§ **YOUR ASSIGNMENT**
Reproduce every line of the material below exactly. No pictures belong in the copy.

§ **INFORMATION SUPPLIED**

···

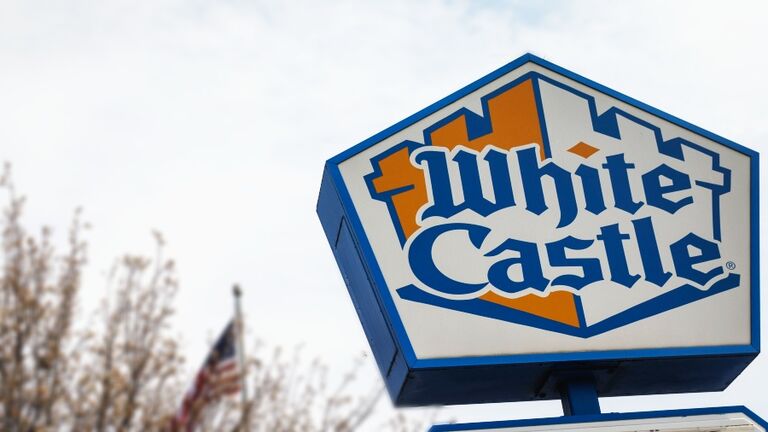 White Castle Adds Plant Based Fake Meat Burgers To Its Menu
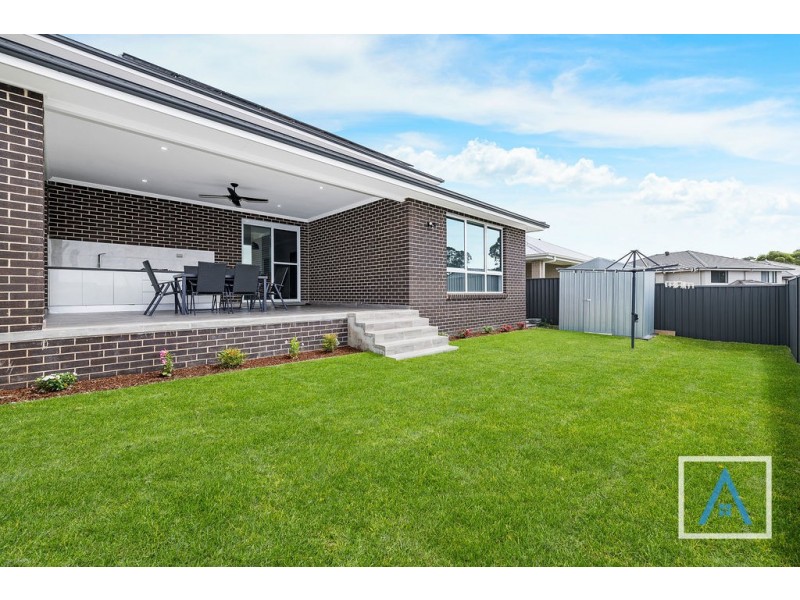 9 Whittingham Street, Campbelltown NSW 2560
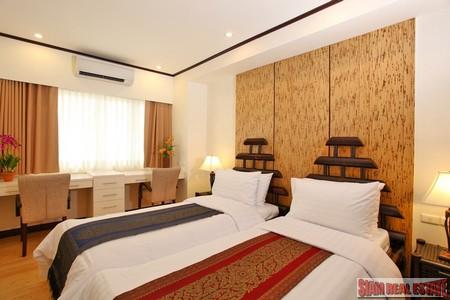 Saranjai Mansion | Impressive 3 Bedroom Sukhumvit Condo with Scenic Roof Garden for Rent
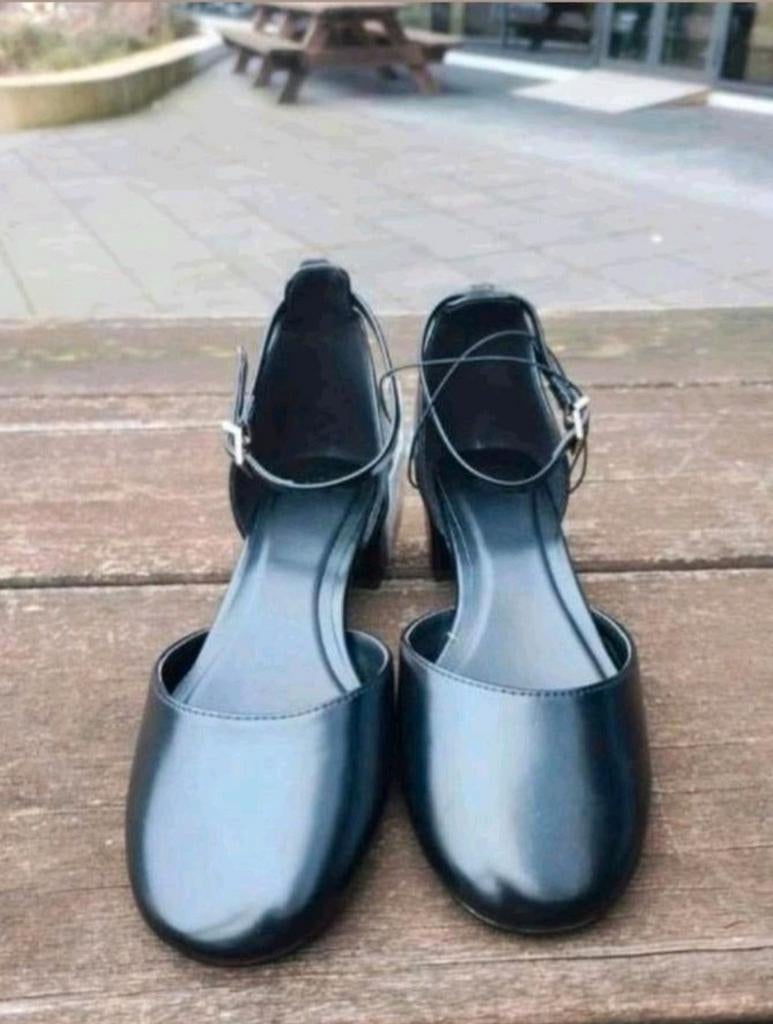 H&M Schoenen Mary Janes Zwart Blokhak Maat 37, Kleding | Dames, Schoenen, Ophalen of Verzenden, Nieuw, Zwart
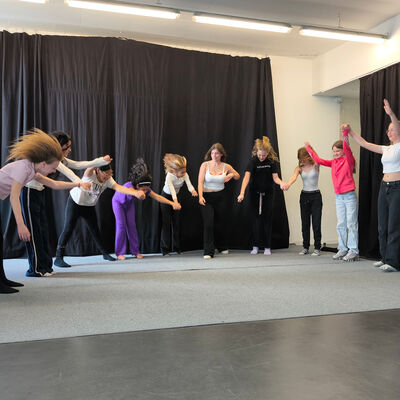 Bild vergr&ouml;&szlig;ern: 2026-03 Pestalozzi Pr&auml;sentation Tanz (12)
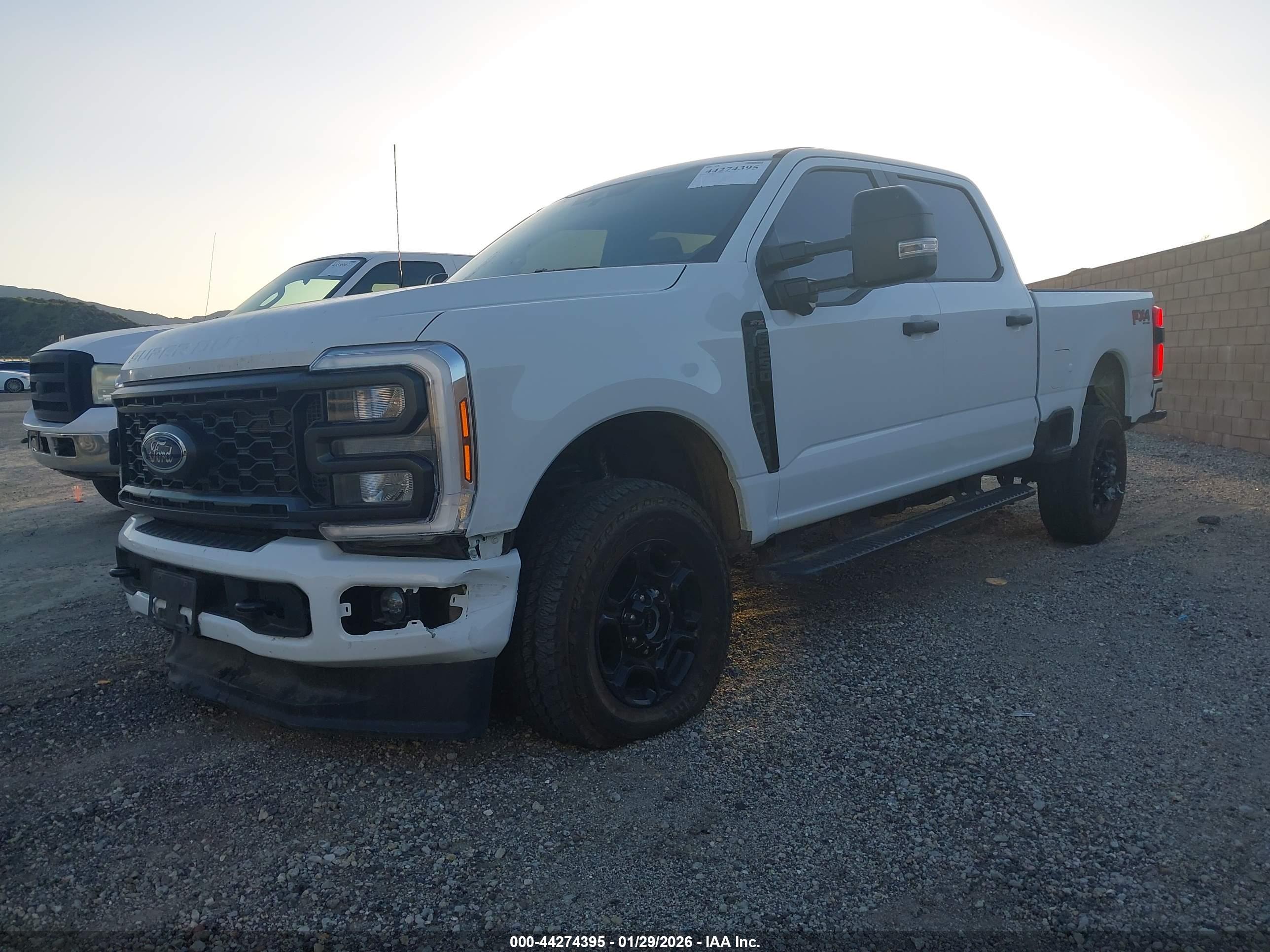 FORD F-250 image 2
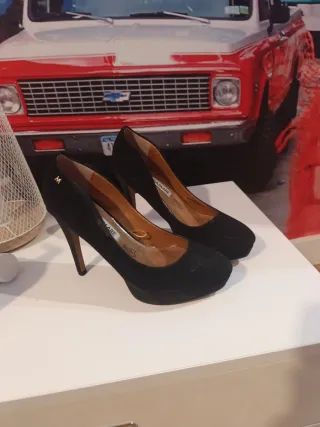Zapatos de salón negros tacón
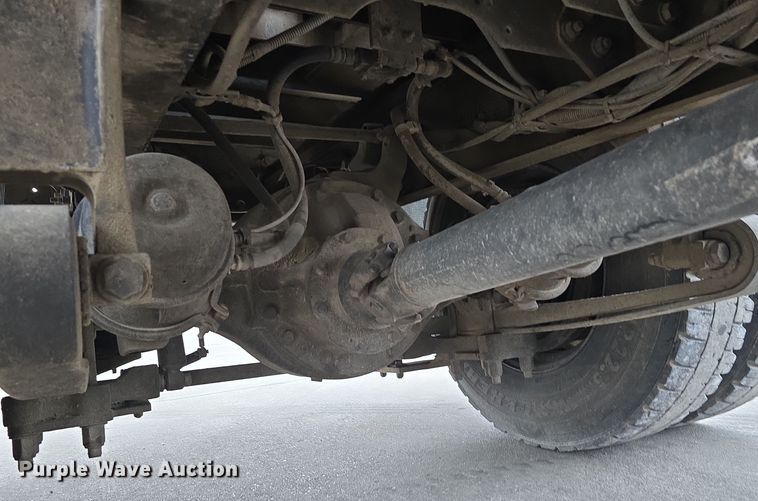 image for item DW3089 2013 International DuraStar 4300 flatbed truck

···

§ **ANSWER FOR THIS EXERCISE**
 White Castle Adds Plant Based Fake Meat Burgers To Its Menu
 9 Whittingham Street, Campbelltown NSW 2560
 Saranjai Mansion | Impressive 3 Bedroom Sukhumvit Condo with Scenic Roof Garden for Rent
 H&M Schoenen Mary Janes Zwart Blokhak Maat 37, Kleding | Dames, Schoenen, Ophalen of Verzenden, Nieuw, Zwart
 Bild vergr&ouml;&szlig;ern: 2026-03 Pestalozzi Pr&auml;sentation Tanz (12)
 FORD F-250 image 2
Zapatos de salón negros tacón
 image for item DW3089 2013 International DuraStar 4300 flatbed truck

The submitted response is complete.